Jared Mott, IWLA Conservation Director
Outdoor America 2020 Issue 2
Glacier National Park - credit Jacob W Frank, U.S. National Park Service

In June 2020, the U.S. Senate passed S.3422, the Great American Outdoors Act, on a bipartisan vote of 73 to 25. This groundbreaking legislation will fully fund the Land and Water Conservation Fund (LWCF) with $900 million every year. Additionally, S.3422 will set aside billions of dollars to address maintenance backlogs on America’s 640 million acres of public lands. Identical legislation has been introduced in the House of Representatives.

The Land and Water Conservation Fund is the primary mechanism through which local, state, and federal agencies acquire and consolidate land for public use and benefit (including for outdoor recreation) and conserve natural resources. LWCF is funded through royalties from federal offshore leases of publicly owned oil and gas deposits, not by taxpayers.

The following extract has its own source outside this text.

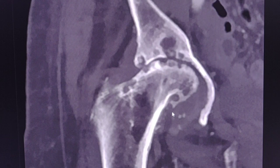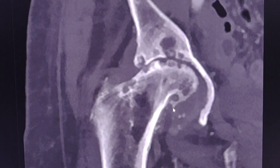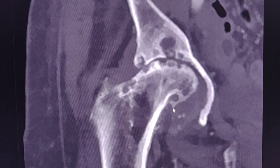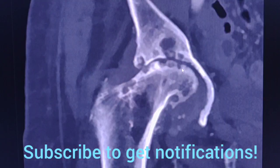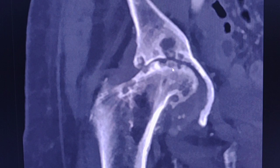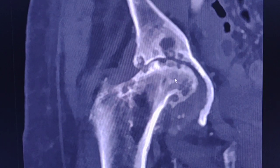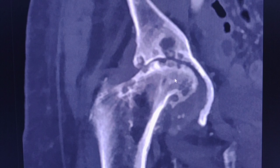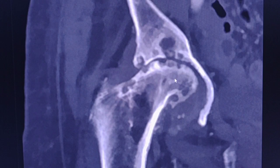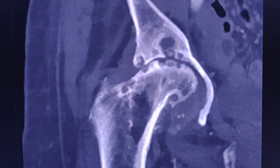Another point I would like to mention is that we must never confuse these lesions with geodes, like in this case. Geodes are subchondral cysts or pseudocysts and they are also well-defined lytic lesions in the periarticular surfaces. They are usually symptomatic and always associated with some other pathology — most commonly osteoarthritis, rheumatoid arthritis, osteonecrosis, or amyloid arthropathy — and the clinical presentation and history are different.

Under longstanding federal law, LWCF can distribute up to $900 million annually; however, Congress has typically allocated significantly less every year. By providing full funding (which means the full $900 million will be available to states, the U.S. Forest Service, the National Park Service, and other land management agencies without Congress having to appropriate the funds each year), the Senate has recognized the extraordinary value that comes from the conservation and outdoor recreation opportunities generated by LWCF.

In addition, the legislation establishes the National Parks and Public Lands Legacy Fund, which would direct up to $9.5 billion in revenue from mineral leases offshore and on public lands over five years to address priority repairs in national parks and other public lands. The National Park Service would receive 70 percent of Fund proceeds; the U.S. Forest Service would receive 15 percent; and the U.S. Fish and Wildlife Service, the Bureau of Land Management, and Bureau of Indian Education schools would each receive five percent.

Ensuring that LWCF is fully funded at $900 million annually has been a public policy priority for the Izaak Walton League for decades. The League played a pivotal role in the creation of LWCF more than 50 years ago and has proudly watched it become our nation’s most successful conservation program, even as it was chronically underfunded.

As “Outdoor America” went to press, momentum was growing for the House of Representatives to pass the Great American Outdoors Act and send it to President Trump to be signed into law.